Relative to your notes in class, you will need to integrate out the measurement error here for wages. Letting \(\phi(x;\mu,\sigma)\) be the normal pdf with mean \(\mu\) and standard error \(\sigma\), the likelihood of observing a wage \(W^{o}\) will be:

\[ f(W^{o}|E,X) = \int_{w^*}\frac{\phi(\log(w);\mu(X),\sigma(X))}{1-\Phi(\log(w^*);\mu(X),\sigma(X))}\phi(\log(W^{o})-w ; \sigma_{\zeta})dw \]

You will want to use a package like QuadGK to evaluate this integral numerically.

Part 3

Write a function that iterates over every observation in the data and calculates the log-likelihood of the data given parameters.

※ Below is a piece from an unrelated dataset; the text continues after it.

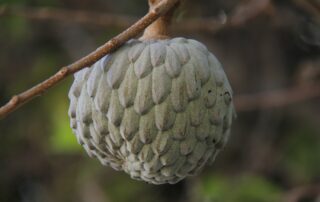 Fruta do conde - como cultivar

Show the output from a function call to prove that it works, then use the @time macro to test how long it takes.

Hint

You may find that these functions work faster if you pull the data you need out of DataFrame format and save it as arrays or vectors with known type. For example, I would recommend creating a flag for missing wage data and a default value for those missing wages, and iterating over those objects:

wage_missing = ismissing.(data.wage)
wage = coalesce.(data.wage,1.)
# creat a named tuple with all variables to conveniently pass to the log-likelihood:
d = (;logwage = log.(wage),wage_missing,E = data.E) #<- you will need to add your demographics as well.
(logwage = [0.0, 0.0, 0.0, 3.0368742168851663, 2.302585092994046, 3.2188758248682006, 2.2512917986064953, 0.0, 0.0, 0.0  …  0.0, 0.0, 2.4849066497880004, 3.056356895370426, 0.0, 0.0, 0.0, 0.0, 0.0, 0.0], wage_missing = Bool[1, 1, 1, 0, 0, 0, 0, 1, 1, 1  …  1, 1, 0, 0, 1, 1, 1, 1, 1, 1], E = Bool[1, 1, 1, 1, 1, 1, 1, 1, 1, 1  …  1, 1, 1, 1, 1, 1, 1, 1, 1, 1])

A Disclaimer for IPUMS CPS data

These data are a subsample of the IPUMS CPS data available from cps.ipums.org. Any use of these data should be cited as follows:

Sarah Flood, Miriam King, Renae Rodgers, Steven Ruggles, J. Robert Warren, Daniel Backman, Annie Chen, Grace Cooper, Stephanie Richards, Megan Schouweiler, and Michael Westberry. IPUMS CPS: Version 11.0 [dataset]. Minneapolis, MN: IPUMS, 2023. https://doi.org/10.18128/D030.V11.0

The CPS data file is intended only for exercises as part of ECON8208. Individuals are not to redistribute the data without permission. Contact for redistribution requests. For all other uses of these data, please access data directly via cps.ipums.org.